EXERCISE DETAILS. Repeat every record below exactly as it appears.

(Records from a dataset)
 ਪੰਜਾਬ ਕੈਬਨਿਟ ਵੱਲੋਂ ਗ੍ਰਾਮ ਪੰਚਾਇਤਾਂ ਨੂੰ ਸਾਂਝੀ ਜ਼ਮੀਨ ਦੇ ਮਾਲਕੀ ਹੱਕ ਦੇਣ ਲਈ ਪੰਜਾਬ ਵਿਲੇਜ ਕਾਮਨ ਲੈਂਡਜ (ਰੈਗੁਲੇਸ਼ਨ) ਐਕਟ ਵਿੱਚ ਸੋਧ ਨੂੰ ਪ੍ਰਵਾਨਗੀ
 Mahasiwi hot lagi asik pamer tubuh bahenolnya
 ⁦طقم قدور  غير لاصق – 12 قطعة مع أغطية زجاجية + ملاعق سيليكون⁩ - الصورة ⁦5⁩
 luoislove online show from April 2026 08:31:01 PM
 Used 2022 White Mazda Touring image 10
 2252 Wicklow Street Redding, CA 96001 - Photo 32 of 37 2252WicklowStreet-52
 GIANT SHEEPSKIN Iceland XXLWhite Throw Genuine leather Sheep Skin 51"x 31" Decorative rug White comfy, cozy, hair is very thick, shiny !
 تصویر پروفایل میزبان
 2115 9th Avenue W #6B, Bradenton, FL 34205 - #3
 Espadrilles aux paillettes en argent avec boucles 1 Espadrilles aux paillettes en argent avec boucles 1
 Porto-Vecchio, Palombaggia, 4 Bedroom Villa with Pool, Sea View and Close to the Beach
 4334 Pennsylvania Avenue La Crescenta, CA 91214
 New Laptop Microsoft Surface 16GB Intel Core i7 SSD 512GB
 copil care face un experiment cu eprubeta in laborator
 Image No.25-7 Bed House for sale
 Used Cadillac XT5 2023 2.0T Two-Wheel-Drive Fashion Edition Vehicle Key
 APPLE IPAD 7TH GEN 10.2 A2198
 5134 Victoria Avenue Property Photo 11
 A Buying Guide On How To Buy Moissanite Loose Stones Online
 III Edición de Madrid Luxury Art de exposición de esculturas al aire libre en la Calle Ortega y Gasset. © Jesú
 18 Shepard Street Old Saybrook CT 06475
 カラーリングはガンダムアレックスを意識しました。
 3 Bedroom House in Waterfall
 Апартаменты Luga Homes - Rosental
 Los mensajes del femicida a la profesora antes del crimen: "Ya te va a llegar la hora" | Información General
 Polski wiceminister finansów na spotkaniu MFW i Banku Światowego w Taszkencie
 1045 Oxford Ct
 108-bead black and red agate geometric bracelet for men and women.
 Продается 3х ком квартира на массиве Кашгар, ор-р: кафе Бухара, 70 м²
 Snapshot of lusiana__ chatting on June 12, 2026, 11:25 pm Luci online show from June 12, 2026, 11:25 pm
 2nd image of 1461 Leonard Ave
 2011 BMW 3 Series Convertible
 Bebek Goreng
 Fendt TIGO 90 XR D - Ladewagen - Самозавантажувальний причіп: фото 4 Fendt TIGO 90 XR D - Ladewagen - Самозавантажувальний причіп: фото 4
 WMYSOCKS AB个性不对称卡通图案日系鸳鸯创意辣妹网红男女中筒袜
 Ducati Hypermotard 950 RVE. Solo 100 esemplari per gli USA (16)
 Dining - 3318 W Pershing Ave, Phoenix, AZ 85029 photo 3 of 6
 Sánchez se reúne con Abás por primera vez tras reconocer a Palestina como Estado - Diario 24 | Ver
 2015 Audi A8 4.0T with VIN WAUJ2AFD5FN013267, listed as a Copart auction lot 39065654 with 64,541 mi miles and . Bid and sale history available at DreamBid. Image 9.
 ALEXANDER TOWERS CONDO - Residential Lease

YOUR RESPONSE.
 ਪੰਜਾਬ ਕੈਬਨਿਟ ਵੱਲੋਂ ਗ੍ਰਾਮ ਪੰਚਾਇਤਾਂ ਨੂੰ ਸਾਂਝੀ ਜ਼ਮੀਨ ਦੇ ਮਾਲਕੀ ਹੱਕ ਦੇਣ ਲਈ ਪੰਜਾਬ ਵਿਲੇਜ ਕਾਮਨ ਲੈਂਡਜ (ਰੈਗੁਲੇਸ਼ਨ) ਐਕਟ ਵਿੱਚ ਸੋਧ ਨੂੰ ਪ੍ਰਵਾਨਗੀ
 Mahasiwi hot lagi asik pamer tubuh bahenolnya
 ⁦طقم قدور  غير لاصق – 12 قطعة مع أغطية زجاجية + ملاعق سيليكون⁩ - الصورة ⁦5⁩
 luoislove online show from April 2026 08:31:01 PM
 Used 2022 White Mazda Touring image 10
 2252 Wicklow Street Redding, CA 96001 - Photo 32 of 37 2252WicklowStreet-52
 GIANT SHEEPSKIN Iceland XXLWhite Throw Genuine leather Sheep Skin 51"x 31" Decorative rug White comfy, cozy, hair is very thick, shiny !
 تصویر پروفایل میزبان
 2115 9th Avenue W #6B, Bradenton, FL 34205 - #3
 Espadrilles aux paillettes en argent avec boucles 1 Espadrilles aux paillettes en argent avec boucles 1
 Porto-Vecchio, Palombaggia, 4 Bedroom Villa with Pool, Sea View and Close to the Beach
 4334 Pennsylvania Avenue La Crescenta, CA 91214
 New Laptop Microsoft Surface 16GB Intel Core i7 SSD 512GB
 copil care face un experiment cu eprubeta in laborator
 Image No.25-7 Bed House for sale
 Used Cadillac XT5 2023 2.0T Two-Wheel-Drive Fashion Edition Vehicle Key
 APPLE IPAD 7TH GEN 10.2 A2198
 5134 Victoria Avenue Property Photo 11
 A Buying Guide On How To Buy Moissanite Loose Stones Online
 III Edición de Madrid Luxury Art de exposición de esculturas al aire libre en la Calle Ortega y Gasset. © Jesú
 18 Shepard Street Old Saybrook CT 06475
 カラーリングはガンダムアレックスを意識しました。
 3 Bedroom House in Waterfall
 Апартаменты Luga Homes - Rosental
 Los mensajes del femicida a la profesora antes del crimen: "Ya te va a llegar la hora" | Información General
 Polski wiceminister finansów na spotkaniu MFW i Banku Światowego w Taszkencie
 1045 Oxford Ct
 108-bead black and red agate geometric bracelet for men and women.
 Продается 3х ком квартира на массиве Кашгар, ор-р: кафе Бухара, 70 м²
 Snapshot of lusiana__ chatting on June 12, 2026, 11:25 pm Luci online show from June 12, 2026, 11:25 pm
 2nd image of 1461 Leonard Ave
 2011 BMW 3 Series Convertible
 Bebek Goreng
 Fendt TIGO 90 XR D - Ladewagen - Самозавантажувальний причіп: фото 4 Fendt TIGO 90 XR D - Ladewagen - Самозавантажувальний причіп: фото 4
 WMYSOCKS AB个性不对称卡通图案日系鸳鸯创意辣妹网红男女中筒袜
 Ducati Hypermotard 950 RVE. Solo 100 esemplari per gli USA (16)
 Dining - 3318 W Pershing Ave, Phoenix, AZ 85029 photo 3 of 6
 Sánchez se reúne con Abás por primera vez tras reconocer a Palestina como Estado - Diario 24 | Ver
 2015 Audi A8 4.0T with VIN WAUJ2AFD5FN013267, listed as a Copart auction lot 39065654 with 64,541 mi miles and . Bid and sale history available at DreamBid. Image 9.
 ALEXANDER TOWERS CONDO - Residential Lease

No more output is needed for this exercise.